Low interest and interest only loans increase risks of foreclosure

In years past, the lending industry was a safe one for investors. Along with utilities, such as power and phone companies, mortgage lending was regarded as a safe, if unexciting, place to invest money. The yields were small but steady, and foreclosure rates were fairly low. Americans sometimes default on their loans and encounter problem debt, but they usually make their house payments. After all, everyone needs a place to live.

In recent years, that has changed. The collapse of the stock market in the late 1990’s has prompted an unprecedented spurt in the growth of the real estate market. Investors, shying away from stocks, have begun buying homes for speculation. Average Americans have decided to sink their money into real estate, too, buying ever-larger houses. This has caused an incredible rise in the prices of houses nationwide, and it has completely changed the face of the mortgage industry.

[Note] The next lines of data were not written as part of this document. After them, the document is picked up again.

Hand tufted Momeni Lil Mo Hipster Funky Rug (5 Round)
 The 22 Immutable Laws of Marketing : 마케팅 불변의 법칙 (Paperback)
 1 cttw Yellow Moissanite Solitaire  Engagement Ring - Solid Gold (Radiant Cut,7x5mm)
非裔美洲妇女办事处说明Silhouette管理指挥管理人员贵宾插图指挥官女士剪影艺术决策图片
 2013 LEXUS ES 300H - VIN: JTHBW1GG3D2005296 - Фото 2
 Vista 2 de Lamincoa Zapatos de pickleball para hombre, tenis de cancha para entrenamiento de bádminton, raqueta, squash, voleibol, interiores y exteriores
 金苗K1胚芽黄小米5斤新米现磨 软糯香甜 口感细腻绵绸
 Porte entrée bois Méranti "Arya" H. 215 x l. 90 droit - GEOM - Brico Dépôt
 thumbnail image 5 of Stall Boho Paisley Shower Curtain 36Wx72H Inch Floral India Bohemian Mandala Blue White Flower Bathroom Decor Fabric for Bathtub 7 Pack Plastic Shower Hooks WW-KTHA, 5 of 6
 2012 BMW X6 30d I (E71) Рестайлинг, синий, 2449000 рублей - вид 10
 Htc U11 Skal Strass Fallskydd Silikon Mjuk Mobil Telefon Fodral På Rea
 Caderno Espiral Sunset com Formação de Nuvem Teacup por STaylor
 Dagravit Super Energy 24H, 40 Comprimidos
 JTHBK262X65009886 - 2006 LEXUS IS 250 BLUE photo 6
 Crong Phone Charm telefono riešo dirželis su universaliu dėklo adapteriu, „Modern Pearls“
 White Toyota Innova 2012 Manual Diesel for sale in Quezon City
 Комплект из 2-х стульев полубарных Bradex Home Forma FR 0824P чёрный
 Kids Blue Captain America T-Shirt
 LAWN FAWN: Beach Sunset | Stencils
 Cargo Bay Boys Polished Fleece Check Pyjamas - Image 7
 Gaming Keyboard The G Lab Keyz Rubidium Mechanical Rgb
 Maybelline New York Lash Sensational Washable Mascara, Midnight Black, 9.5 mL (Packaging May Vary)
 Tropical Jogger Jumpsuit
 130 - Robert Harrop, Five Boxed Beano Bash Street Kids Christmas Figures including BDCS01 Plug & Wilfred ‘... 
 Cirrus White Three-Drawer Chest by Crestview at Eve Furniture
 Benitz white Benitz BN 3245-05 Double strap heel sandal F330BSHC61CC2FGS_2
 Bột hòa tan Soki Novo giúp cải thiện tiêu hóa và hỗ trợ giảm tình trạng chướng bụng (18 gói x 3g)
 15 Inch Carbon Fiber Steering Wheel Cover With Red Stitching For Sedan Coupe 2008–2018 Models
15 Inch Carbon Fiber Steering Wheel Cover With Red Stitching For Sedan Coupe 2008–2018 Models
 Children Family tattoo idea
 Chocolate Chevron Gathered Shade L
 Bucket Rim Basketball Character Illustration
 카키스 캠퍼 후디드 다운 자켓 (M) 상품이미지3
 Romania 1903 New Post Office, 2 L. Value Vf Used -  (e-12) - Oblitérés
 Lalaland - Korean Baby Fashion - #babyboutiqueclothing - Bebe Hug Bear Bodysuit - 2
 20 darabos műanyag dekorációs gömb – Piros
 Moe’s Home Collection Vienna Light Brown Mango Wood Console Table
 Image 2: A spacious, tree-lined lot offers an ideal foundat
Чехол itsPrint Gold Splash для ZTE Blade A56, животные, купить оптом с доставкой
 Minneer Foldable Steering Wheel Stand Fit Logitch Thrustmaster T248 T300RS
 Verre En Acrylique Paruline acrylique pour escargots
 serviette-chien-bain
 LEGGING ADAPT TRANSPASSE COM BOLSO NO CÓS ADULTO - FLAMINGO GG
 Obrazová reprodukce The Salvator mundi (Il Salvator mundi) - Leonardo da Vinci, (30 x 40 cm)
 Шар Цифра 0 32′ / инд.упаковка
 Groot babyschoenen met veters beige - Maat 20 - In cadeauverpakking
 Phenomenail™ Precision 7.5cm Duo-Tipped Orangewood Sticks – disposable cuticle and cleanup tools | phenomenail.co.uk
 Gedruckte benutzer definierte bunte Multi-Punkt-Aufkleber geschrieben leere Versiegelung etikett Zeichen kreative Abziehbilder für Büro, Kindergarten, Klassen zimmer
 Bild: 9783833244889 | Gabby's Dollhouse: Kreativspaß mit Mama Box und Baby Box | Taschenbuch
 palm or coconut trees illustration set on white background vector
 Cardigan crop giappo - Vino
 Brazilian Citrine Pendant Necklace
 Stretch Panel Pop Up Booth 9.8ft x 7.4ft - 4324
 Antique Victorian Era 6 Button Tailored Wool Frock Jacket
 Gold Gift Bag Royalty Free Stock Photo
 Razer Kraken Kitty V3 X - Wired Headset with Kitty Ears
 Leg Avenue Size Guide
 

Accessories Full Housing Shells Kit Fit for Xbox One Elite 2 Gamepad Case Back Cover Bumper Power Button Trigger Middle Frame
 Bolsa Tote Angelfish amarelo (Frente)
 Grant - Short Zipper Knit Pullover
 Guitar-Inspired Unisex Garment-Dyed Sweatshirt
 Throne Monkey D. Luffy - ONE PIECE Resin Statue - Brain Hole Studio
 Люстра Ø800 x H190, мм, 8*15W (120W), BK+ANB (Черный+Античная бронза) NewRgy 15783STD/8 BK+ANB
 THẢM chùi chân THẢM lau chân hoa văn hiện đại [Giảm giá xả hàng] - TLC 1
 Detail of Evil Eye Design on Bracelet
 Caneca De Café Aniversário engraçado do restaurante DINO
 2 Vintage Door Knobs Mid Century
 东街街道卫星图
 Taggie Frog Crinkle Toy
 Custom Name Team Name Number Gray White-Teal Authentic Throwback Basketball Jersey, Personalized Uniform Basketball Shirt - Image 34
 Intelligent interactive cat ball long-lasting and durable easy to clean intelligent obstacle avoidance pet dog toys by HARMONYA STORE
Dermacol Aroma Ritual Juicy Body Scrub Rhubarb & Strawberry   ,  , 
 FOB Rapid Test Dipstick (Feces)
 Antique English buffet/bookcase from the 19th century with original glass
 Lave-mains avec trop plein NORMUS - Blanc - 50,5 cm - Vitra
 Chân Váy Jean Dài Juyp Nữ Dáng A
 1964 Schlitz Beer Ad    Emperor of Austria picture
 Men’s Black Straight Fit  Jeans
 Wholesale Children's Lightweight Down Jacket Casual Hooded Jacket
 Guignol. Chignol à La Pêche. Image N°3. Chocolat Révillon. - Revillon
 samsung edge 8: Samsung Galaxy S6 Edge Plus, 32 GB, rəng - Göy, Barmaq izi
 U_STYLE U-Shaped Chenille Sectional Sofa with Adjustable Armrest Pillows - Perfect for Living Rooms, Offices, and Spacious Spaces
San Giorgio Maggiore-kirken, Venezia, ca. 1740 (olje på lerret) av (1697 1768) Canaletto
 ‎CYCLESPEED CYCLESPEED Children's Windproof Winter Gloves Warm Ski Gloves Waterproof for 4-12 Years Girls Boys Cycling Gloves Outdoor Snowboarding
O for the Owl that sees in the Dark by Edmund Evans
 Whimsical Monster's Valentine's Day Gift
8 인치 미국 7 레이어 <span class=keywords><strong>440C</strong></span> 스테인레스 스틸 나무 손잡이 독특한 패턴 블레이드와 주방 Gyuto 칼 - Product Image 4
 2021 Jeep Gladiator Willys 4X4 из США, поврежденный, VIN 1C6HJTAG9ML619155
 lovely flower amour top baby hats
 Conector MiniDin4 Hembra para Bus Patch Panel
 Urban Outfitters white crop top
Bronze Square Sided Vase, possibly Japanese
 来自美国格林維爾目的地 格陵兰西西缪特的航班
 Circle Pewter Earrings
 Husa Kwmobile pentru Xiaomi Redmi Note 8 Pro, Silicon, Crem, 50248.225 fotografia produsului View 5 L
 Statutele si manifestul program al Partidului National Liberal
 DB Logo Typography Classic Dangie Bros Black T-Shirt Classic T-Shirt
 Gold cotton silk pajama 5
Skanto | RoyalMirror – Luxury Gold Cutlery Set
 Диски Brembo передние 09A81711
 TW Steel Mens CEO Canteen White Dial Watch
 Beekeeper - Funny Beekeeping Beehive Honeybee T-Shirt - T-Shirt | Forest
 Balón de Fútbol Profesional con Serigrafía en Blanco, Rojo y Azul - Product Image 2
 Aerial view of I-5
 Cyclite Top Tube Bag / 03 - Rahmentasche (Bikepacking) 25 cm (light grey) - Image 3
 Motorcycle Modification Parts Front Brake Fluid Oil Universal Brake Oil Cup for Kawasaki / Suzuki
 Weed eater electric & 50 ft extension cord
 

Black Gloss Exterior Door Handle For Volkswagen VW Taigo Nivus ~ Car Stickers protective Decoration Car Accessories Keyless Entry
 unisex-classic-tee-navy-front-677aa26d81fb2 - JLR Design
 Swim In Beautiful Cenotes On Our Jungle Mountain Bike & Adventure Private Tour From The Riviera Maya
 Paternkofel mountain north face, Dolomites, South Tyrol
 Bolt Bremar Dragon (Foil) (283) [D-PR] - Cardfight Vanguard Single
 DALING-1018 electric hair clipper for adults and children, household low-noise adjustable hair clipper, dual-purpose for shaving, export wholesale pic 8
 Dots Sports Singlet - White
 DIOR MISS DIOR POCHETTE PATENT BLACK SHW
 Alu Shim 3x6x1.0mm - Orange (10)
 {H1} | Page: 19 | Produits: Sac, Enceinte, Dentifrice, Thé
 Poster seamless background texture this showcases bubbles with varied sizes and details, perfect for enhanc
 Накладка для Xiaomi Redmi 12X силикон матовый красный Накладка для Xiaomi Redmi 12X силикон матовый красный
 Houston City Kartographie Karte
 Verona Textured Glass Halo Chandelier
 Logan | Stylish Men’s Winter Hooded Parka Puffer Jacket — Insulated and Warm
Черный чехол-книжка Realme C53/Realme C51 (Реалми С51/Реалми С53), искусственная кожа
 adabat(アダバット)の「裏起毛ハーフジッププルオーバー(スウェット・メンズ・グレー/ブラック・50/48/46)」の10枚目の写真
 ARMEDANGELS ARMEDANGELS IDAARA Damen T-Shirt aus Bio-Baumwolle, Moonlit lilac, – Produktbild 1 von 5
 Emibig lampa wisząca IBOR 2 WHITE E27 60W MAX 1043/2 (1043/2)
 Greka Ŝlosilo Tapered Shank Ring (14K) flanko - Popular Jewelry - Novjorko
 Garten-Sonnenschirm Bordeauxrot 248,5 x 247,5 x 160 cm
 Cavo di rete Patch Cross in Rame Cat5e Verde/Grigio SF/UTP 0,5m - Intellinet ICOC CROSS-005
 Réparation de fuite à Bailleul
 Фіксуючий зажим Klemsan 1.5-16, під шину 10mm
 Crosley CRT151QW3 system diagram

With salaries stable and prices rising, the traditional 30-year fixed-rate mortgage no longer works for most borrowers. They simply cannot afford to purchase homes using those terms. As the lending industry makes money only when they actually lend, they have responded with a bewildering array of loans, including more than a few that come with increased risks. Nearly one-third of all new mortgages issued are interest-only loans, where the borrower pays back on the the interest on the loan for the first five years of so of the repayment schedule. Another popular choice is the incredibly dangerous Option ARM mortgage, which comes with “teaser” interest rates of as low as 1%, but can bite the borrower in a big way by actually causing the loan amount to increase even as payments are made!


The proliferation of these high-risk loans and the increasing reliance upon them has mortgage company stockholders concerned, and justifiably so. Foreclosure rates throughout the United States are increasing rapidly, as more and more borrowers with high-risk mortgages realize that they have purchased homes that they cannot afford. As foreclosures increase, so do sales of mortgage company stocks as investors have started to panic.

Financial services stocks make up more than one fifth of the Standard & Poor’s 500 index in terms of value, and studies show that in the last month or so, prices of financial services stocks have declined dramatically. This will likely lead to a tightening of lending practices, as lenders cannot offer loans if they have no money to lend. More and more would-be borrowers will find their applications for home loans denied. As lenders become more cautious about offering loans, fewer homes will be sold, which may bring about a substantial reduction in house prices nationwide. Worse, more borrowers will be forced to obtain higher interest loans, known as subprime loans, that come with high closing costs and interest rates. A collapse of housing prices could be serious, as it could leave millions of homeowners with properties that are worth less than the loans issued for them, and that, ultimately, could lead to a crash of the real estate market.

At the moment, this is all speculation, as it’s too early to see exactly where the market is headed. Borrowers should be cautious, as always, about borrowing money with risky terms. Don’t buy more house than you can afford to pay for, and you will come out OK.